ContractSkill: Repairable Contract-Based Skills for Multimodal Web Agents
Summary
ContractSkill is a novel framework designed to enhance the reliability and reusability of self-generated skills for multimodal web agents. It addresses the brittleness of on-demand generated skills by converting them into "contracted executable artifacts" with explicit preconditions, step specifications, postconditions, recovery rules, and termination checks. This structured representation enables deterministic verification, precise fault localization at the step level, and minimal patch-based repair, shifting skill refinement from full regeneration to localized editing. Experiments on VisualWebArena and MiniWoB benchmarks using GLM-4.6V and Qwen3.5-Plus models demonstrate significant improvements in success rates. On VisualWebArena, success rates increased from 9.4% and 10.9% to 28.1% and 37.5% for GLM-4.6V and Qwen3.5-Plus, respectively. On MiniWoB, rates rose from 66.5% and 60.5% to 77.5% and 81.0%. Crucially, repaired artifacts also exhibit cross-model transferability, boosting target models' baseline performance by up to 47.8 points on VisualWebArena and 12.8 points on MiniWoB.
Key takeaway
For AI Architects and AI Engineers developing multimodal web agents, adopting a contract-based skill framework like ContractSkill is crucial for overcoming the brittleness of self-generated skills. This approach transforms fragile, one-off prompts into robust, verifiable, and repairable procedural assets, significantly improving task success rates and enabling cross-model skill transfer.
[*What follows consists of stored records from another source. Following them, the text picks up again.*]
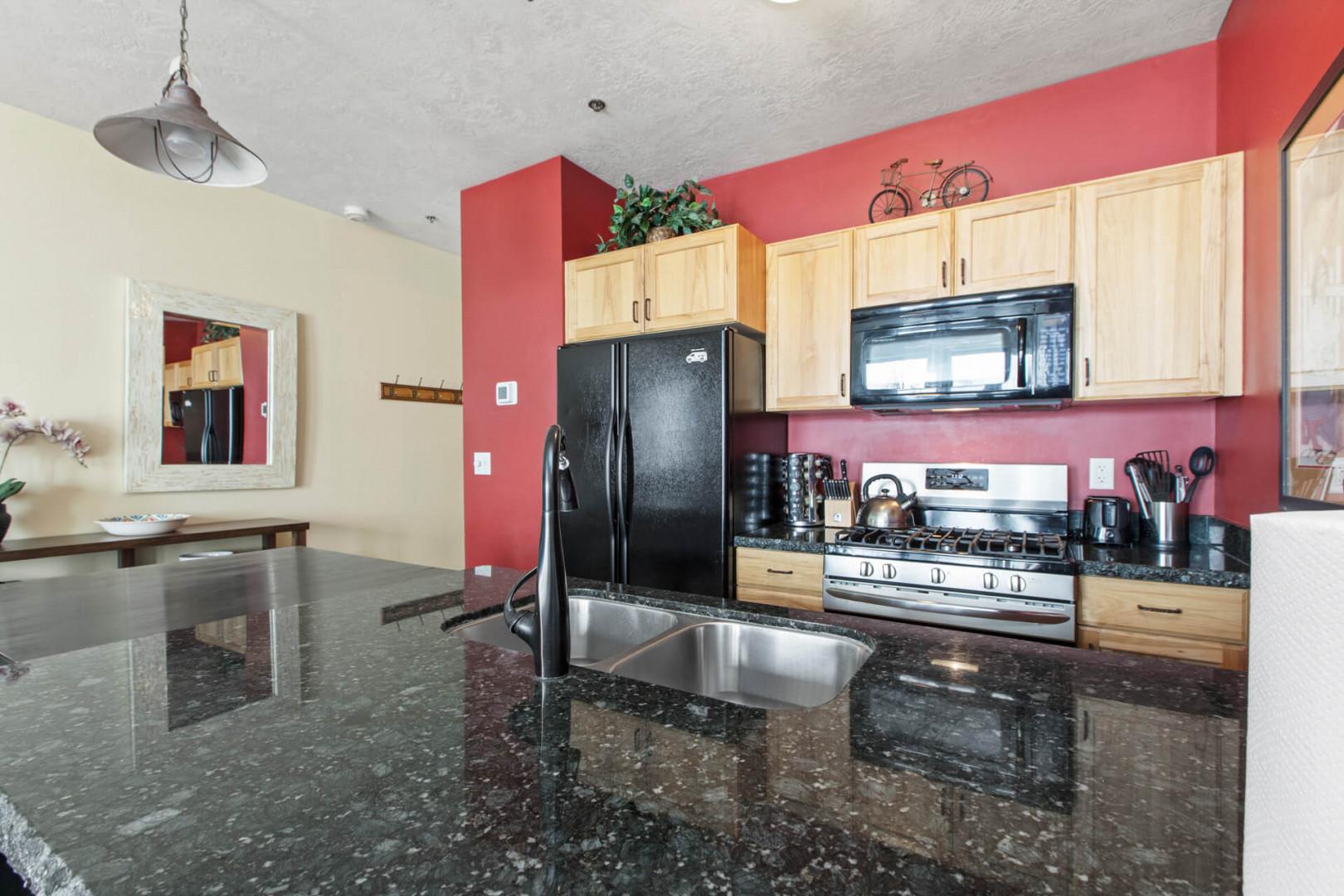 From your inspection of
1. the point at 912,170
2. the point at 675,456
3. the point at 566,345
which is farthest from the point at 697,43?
the point at 675,456

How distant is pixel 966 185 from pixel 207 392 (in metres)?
4.05

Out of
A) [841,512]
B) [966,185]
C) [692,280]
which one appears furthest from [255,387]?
[966,185]

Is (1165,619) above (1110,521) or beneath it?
beneath

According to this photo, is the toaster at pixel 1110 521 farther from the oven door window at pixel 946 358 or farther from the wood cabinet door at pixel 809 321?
the wood cabinet door at pixel 809 321

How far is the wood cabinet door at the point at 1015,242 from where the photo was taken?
7.20ft

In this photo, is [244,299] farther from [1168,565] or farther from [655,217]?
[1168,565]

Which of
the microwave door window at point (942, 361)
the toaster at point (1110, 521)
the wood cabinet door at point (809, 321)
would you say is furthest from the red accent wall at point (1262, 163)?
the wood cabinet door at point (809, 321)

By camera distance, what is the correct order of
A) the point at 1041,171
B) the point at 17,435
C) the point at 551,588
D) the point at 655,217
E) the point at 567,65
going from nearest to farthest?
1. the point at 551,588
2. the point at 567,65
3. the point at 1041,171
4. the point at 17,435
5. the point at 655,217

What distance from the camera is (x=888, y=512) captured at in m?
2.49

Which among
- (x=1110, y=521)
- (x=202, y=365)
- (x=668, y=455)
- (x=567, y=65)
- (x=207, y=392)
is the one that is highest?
(x=567, y=65)

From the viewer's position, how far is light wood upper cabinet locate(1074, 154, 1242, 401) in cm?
198

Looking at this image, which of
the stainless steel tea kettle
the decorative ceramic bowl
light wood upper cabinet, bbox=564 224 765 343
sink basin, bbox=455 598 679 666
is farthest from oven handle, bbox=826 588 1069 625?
the decorative ceramic bowl

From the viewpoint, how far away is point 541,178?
3205 millimetres

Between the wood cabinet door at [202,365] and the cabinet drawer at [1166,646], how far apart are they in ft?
13.8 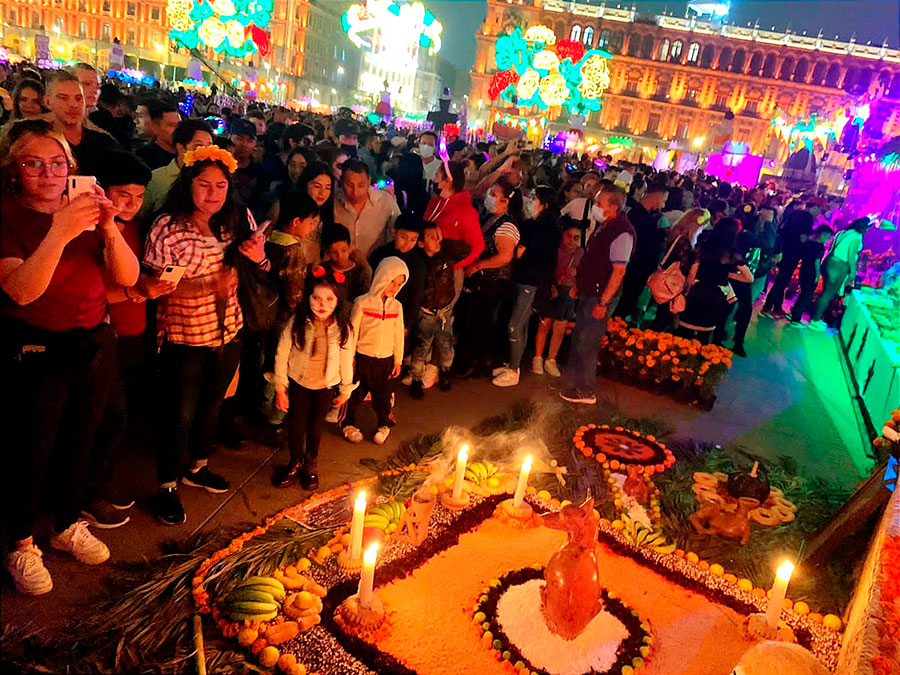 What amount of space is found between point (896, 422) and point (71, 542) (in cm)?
504

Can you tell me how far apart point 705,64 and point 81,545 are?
82.4 m

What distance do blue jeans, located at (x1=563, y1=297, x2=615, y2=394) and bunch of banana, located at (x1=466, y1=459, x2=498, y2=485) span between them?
6.26 feet

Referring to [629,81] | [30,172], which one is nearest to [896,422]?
[30,172]

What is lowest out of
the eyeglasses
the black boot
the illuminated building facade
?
the black boot

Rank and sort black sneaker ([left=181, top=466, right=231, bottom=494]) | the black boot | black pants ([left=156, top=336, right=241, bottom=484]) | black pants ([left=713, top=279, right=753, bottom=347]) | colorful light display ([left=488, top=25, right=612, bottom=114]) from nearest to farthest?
black pants ([left=156, top=336, right=241, bottom=484]) < black sneaker ([left=181, top=466, right=231, bottom=494]) < the black boot < black pants ([left=713, top=279, right=753, bottom=347]) < colorful light display ([left=488, top=25, right=612, bottom=114])

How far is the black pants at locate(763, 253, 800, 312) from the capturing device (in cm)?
1062

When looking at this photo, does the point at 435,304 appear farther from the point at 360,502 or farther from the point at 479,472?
the point at 360,502

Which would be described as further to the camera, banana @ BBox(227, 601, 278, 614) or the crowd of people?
banana @ BBox(227, 601, 278, 614)

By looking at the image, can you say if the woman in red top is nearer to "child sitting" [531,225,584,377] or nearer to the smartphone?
"child sitting" [531,225,584,377]

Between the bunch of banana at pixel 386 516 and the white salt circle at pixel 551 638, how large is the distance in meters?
0.78

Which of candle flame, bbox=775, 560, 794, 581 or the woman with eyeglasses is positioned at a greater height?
the woman with eyeglasses

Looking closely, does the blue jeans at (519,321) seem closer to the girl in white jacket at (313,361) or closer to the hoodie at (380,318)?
the hoodie at (380,318)

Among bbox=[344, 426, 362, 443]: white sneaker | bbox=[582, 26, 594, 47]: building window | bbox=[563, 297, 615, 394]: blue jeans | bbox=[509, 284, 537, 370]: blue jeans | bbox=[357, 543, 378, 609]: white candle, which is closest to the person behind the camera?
bbox=[357, 543, 378, 609]: white candle

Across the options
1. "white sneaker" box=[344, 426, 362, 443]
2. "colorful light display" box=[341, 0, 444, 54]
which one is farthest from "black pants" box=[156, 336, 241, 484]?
"colorful light display" box=[341, 0, 444, 54] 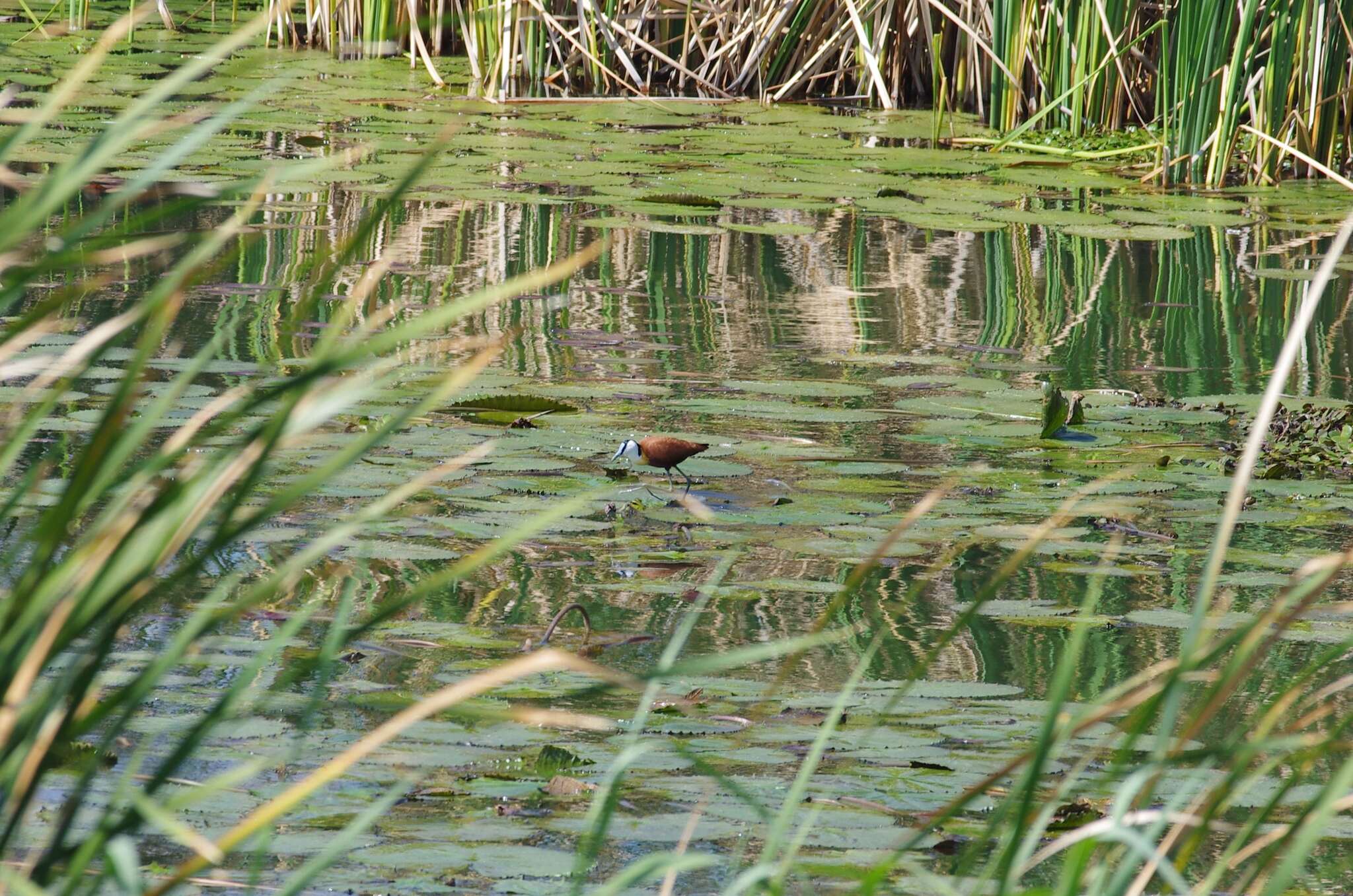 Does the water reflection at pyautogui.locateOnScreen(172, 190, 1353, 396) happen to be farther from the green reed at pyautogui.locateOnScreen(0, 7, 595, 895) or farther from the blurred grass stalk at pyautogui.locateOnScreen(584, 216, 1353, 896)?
the green reed at pyautogui.locateOnScreen(0, 7, 595, 895)

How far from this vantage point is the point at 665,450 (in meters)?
3.59

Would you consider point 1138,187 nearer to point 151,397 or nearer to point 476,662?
point 151,397

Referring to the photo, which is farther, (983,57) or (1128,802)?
(983,57)

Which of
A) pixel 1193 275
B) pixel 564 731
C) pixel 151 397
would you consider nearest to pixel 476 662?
pixel 564 731

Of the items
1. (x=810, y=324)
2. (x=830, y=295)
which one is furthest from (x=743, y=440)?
(x=830, y=295)

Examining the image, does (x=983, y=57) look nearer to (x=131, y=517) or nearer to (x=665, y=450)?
(x=665, y=450)

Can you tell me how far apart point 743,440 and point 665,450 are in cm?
47

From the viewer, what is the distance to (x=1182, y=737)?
1.40 meters

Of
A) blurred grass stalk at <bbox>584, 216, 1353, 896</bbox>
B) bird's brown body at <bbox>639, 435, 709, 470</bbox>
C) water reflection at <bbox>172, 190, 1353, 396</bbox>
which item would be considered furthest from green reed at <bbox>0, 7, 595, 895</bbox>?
water reflection at <bbox>172, 190, 1353, 396</bbox>

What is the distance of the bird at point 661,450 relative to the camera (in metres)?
3.58

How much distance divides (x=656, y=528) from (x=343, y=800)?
140cm

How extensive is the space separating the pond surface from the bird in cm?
7

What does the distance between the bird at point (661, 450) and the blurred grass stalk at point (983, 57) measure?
13.8 feet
You should prioritize externalizing skills with explicit execution semantics to build more reliable and maintainable agent systems.
Key insights
Explicitly structured, verifiable, and repairable skill artifacts significantly improve multimodal web agent performance and reusability.
Principles
- Skills should be explicit procedural artifacts.
- Deterministic verification enables precise fault localization.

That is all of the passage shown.